Cette permanence de la guerre numérique nécessite de mettre en place une cyberdéfense. L’OTAN s’est doté d’un département de cyberdéfense dès 2008. Le siège a été symboliquement placé à Tallinn, en Estonie, pays qui avait été attaqué par la Russie. En France, il faut attendre 2013 pour avoir un livre blanc concernant la cyberdéfense et les années 2010 pour avoir la création des premiers organismes. À l’échelle nationale, on a l’Agence nationale de sécurité des systèmes d’information (ANSSI), créée récemment. Pour l’armée française, on a une division de cyberdéfense et la formation de 3 000 cybersoldats. Les effectifs devraient augmenter selon la loi de programmation militaire 2019-2025 à plus de 4 000 cybersoldats.

Pour le moment, la réponse des États à ces défis stratégiques est assez disséminée.   

 

III.  Une coopération internationale nécessaire et urgente

 

L’enjeu réside dans une coopération internationale de plus en plus urgente du fait de la recrudescence des cyberattaques alors même qu’avec l’intelligence artificielle les potentialités technologiques sont de plus en plus grandes. Pour le moment, peu de structures sont en place. En 1998, la Russie avait proposé à l’ONU une gouvernance du cyberespace mais les Américains s’y étaient opposés car leur avance était considérable et ils ne voulaient pas être freinés. Jusqu’à maintenant, ce sont donc des pratiques non-inscrites dans le droit international.
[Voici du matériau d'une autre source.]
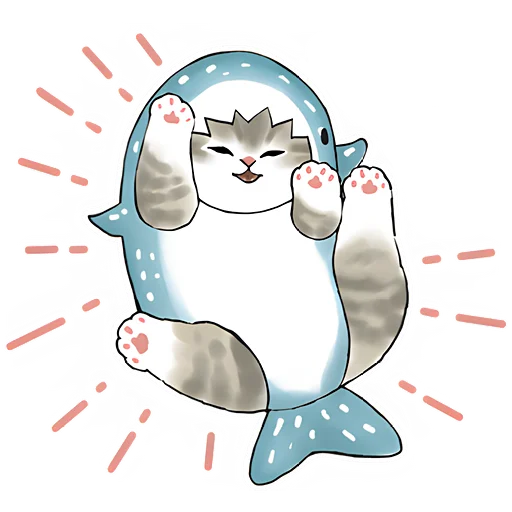 🥳 Стикер «Акулы и котята 4» для Telegram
Les États essaient d’éviter les représailles massives et l’escalade.

Une décision importante a été prise à l’ONU en 2013. Elle soumet le cyberespace à la charte des Nations unies, ainsi le même droit que pour les relations internationales y est appliqué. En 2018, les vingts premières cyberpuissances mondiales se sont entendues sur le principe de faire émerger une gouvernance internationale de l’Internet. Au début d’Internet, les pionniers voulaient un gouvernement sans gouvernement et avaient proclamés une déclaration d’indépendance vis-à-vis des États, mais aujourd’hui les États ont réinvesti ce champ. L’UE elle-même, en avance sur l’ONU, a signé et promulgué en 2011 la convention de Budapest sur la cybercriminalité qui doit permettre de combattre le crime organisé sur Internet.

 

Conclusion

 

Internet est en train de brouiller les distinctions habituelles entre paix et guerre, sécurité intérieure et extérieure. Les certitudes disparaissent avec l’émergence de ce que les spécialistes américains appellent le sharp power, un pouvoir ultra-technologique qui peut être aux mains d’un État mais aussi aux mains d’individus ou de collectifs qui peuvent bouleverser les relations internationales par leurs actions néfastes ou positives. Le cyberespace bouleverse en tout cas totalement les rapports de conflits et de coopérations dans le monde.